2 OSAP: Machine Systems Interconnect
In this thesis, we want to build machine systems out of modular components. Doing so lets us re-use modules across projects, letting us quickly compose new systems from the parts bin rather than re-engineering circuits, drivers and code. The best way we know to do this is to build networked control systems with modular software.

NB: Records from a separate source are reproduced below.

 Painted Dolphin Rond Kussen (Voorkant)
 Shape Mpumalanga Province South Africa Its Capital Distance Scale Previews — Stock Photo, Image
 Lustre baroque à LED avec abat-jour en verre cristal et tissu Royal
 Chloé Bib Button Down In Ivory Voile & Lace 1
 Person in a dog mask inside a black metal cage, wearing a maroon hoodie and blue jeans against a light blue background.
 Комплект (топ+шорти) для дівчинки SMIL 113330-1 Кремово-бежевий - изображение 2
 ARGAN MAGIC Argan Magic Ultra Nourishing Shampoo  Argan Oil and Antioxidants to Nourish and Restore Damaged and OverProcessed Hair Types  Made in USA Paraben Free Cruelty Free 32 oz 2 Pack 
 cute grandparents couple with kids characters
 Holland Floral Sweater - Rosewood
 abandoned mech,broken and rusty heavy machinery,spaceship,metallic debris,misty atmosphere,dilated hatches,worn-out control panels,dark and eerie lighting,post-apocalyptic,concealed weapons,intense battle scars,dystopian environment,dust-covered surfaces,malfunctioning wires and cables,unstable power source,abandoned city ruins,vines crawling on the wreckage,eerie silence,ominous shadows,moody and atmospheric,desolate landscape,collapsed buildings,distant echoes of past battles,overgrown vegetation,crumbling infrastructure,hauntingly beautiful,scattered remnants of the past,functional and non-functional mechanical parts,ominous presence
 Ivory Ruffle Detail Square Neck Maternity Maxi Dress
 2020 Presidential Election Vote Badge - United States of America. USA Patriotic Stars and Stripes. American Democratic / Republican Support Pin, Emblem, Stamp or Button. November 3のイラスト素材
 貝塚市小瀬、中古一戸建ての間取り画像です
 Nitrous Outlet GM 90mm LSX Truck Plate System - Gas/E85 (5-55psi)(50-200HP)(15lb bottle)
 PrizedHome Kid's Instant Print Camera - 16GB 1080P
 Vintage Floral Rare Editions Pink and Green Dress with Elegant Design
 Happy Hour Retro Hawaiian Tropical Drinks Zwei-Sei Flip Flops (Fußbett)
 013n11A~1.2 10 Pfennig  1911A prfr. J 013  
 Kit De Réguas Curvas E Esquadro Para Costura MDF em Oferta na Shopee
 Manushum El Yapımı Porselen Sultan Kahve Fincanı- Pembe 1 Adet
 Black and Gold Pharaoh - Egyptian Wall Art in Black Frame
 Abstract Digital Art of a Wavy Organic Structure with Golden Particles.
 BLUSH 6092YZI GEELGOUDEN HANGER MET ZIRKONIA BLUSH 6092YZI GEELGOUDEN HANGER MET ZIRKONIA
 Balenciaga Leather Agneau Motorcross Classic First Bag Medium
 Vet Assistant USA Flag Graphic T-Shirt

2.1 Machine Building Needs Flexible Network Architectures
OSAP is essentially an implementation of the Open Systems Interconnect model (Standardization 1994) that is guided by the end-to-end principle (Saltzer, Reed, and Clark 1984), both of which were foundational during the invention and proliferation of the internet, but neither of which have been rigorously followed in the internet’s development (Group 2019). Indeed, machine-scale modular hardware systems (of the kind we deploy in this thesis) are deployed on a heterogeneity of different network links and transport layers (Lian, Moyne, and Tilbury 2001) whereas the internet is dominated by only a few (TCP, Ethernet, WiFi). The OSI model was meant to enable broad connectivity across heterogeneous link layers, but in practice the field of internetworking in hardware (and in industrial machine systems in particular) is fractured.
Machine building needs OSI badly; it is perhaps worth more here than in The Internet, which is homogenous enough to have its own stack of Internet Protocol Suite… and is big enough to be maintained by specific Internet professionals… machines / mechatronics more heterogenous, more ad-hoc, and we build new ones more often… we can discuss the next-generation-protocols paper, how OSI isn’t real (start page 15) …

Motivation here: lots of opportunity to deploy hardware systems… and apply increasingly intelligent i.e. machine-learning systems to their control, but building new ones still requires re-building many parts of this stack: motor control… sensing… comms… etc. Taking this on as an interoperable system is the exercise.
expectation would be that folks read these sub-chapters in whatever order, it’s not really linear, and probably they are here for a particular piece anyways
What kind of systems tooling is required before we can develop machines that produce more data than they consume, so that we can make models of their operation to understand and operate them more intelligently?
In a heterogeneous mechatronic system, can we design a distributed architecture that enables flexible re-use of components, and what trade-offs do we need to make to controller performance in order to enable this? (It is often noted that performance is less important than development speed, for example… in hardware, it is typically more important - but… can we have it all?)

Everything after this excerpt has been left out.